Craig Cox ,with the Environmental Working Group, calls the 2007 federal mandate to blend gasoline with corn ethanol an "ecological disaster." The environmental cost, according to the AP writers, is massive:
- Five million acres of land that had been set aside for conservation were transformed back into farmland to meet the growing demand for corn ethanol.
- 1.2 million acres of virgin land have already been converted to corn and soybean fields since the mandate was passed.
- Untold amounts of carbon dioxide are being released into the atmosphere from the converted conservation lands, as well as from ethanol factories, which typically burn coal or gas.
- A 5,800 square-mile dead zone in the Gulf of Mexico was caused by "billions of pounds" nitrogen fertilizer (made using natural gas) that washed down the Mississippi River. Experts say it was worsened by the mandate.
13 billion gallons of corn ethanol were required this year by the mandate, up from 9 billion in 2007, when it was first passed by Congress. That's gearing up to a federally mandated goal of 36 billion gallons of ethanol by 2022.
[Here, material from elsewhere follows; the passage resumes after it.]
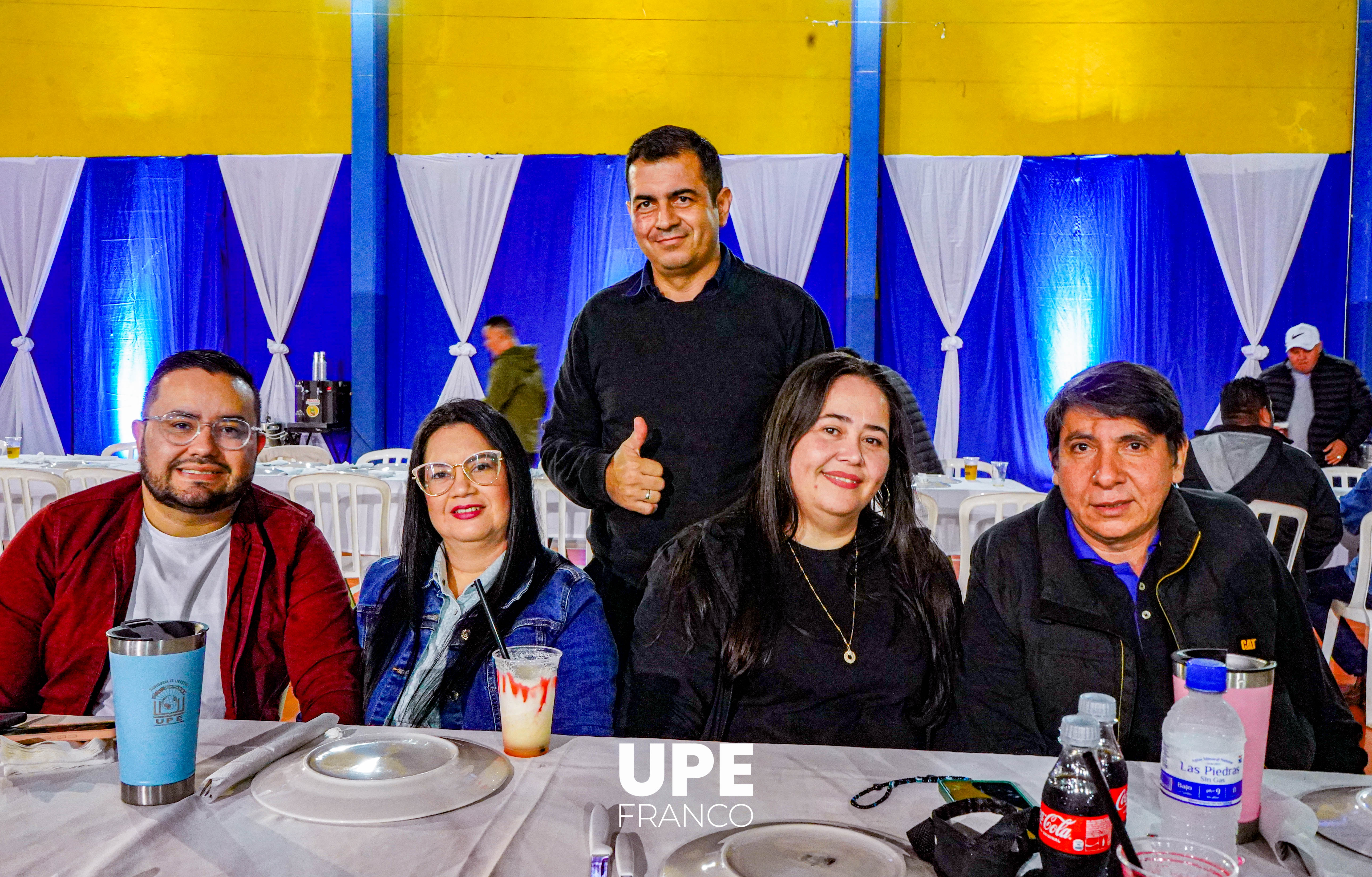 UPE Franco celebra el Día del Trabajador: Cena de confraternización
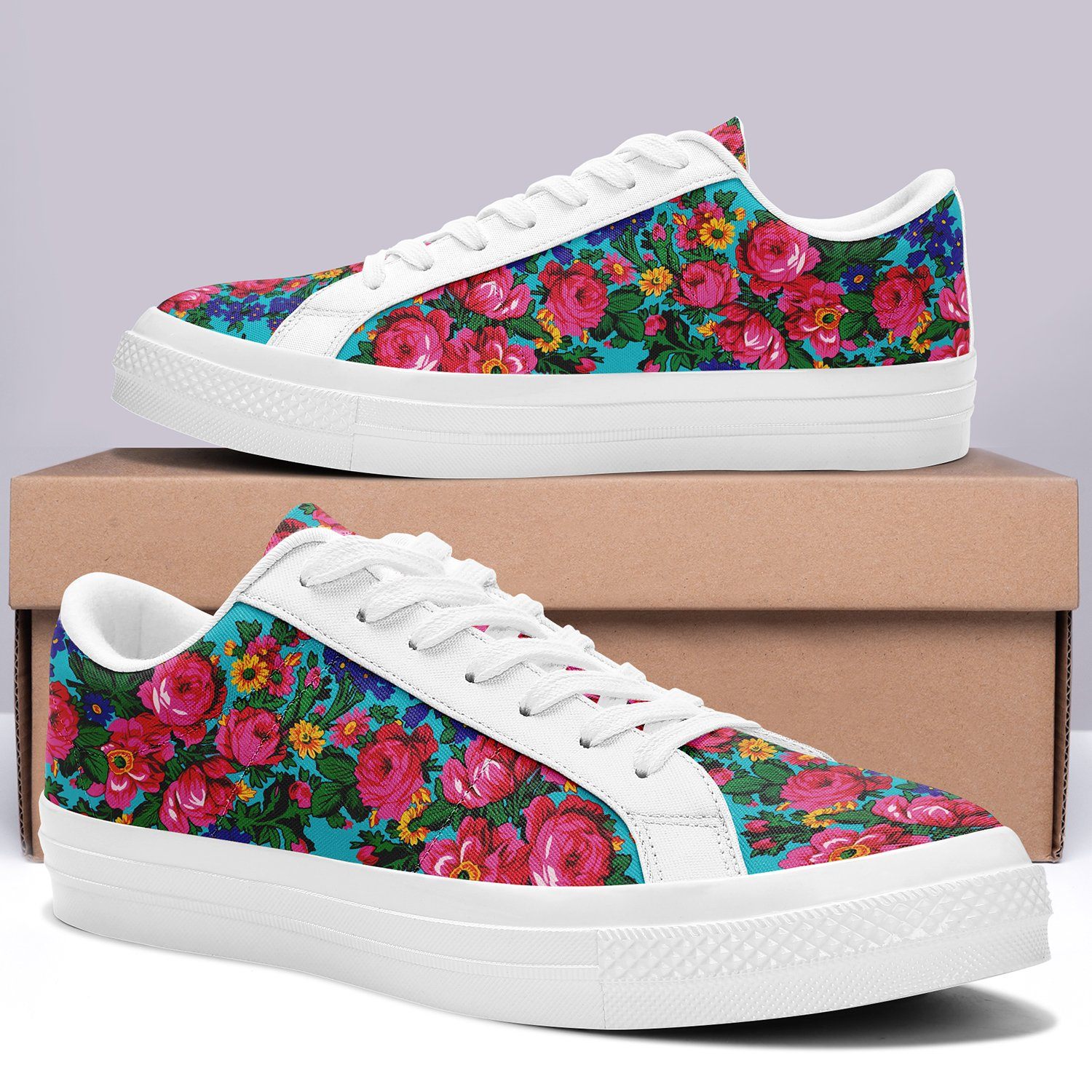 Kokum's Revenge - Sky Aapisi Low Top Canvas Shoes White Sole 49 Dzine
The AP argues that this isn't sound policy: the EPA initially calculated that ethanol would provide only a 16 percent improvement in carbon emissions as compared to gasoline, and only by 2022. By law, biofuels are supposed to be 20 percent greener than gasoline -- by adjusting its model, they managed to amend that initial figure to 21 percent. "If you corrected any of a number of things, it would be on the other side of 20 percent," Richard Plevin of the Transportation Sustainability Research Center at the University of California, Berkeley, told the AP. Whether or not this was purposeful, many of the assumptions they ultimately relied on to reach that number proved incorrect.
The expose is already being called "smear" by ethanol producers, corn growers and its lobbying and public relations firms, who have launched what the AP is calling an "unusual campaign" to criticize and alter the story. The writers, however, insist they have the government data, interviews and scientific research to back up their assertions: that ethanol isn't nearly as green as the government insists.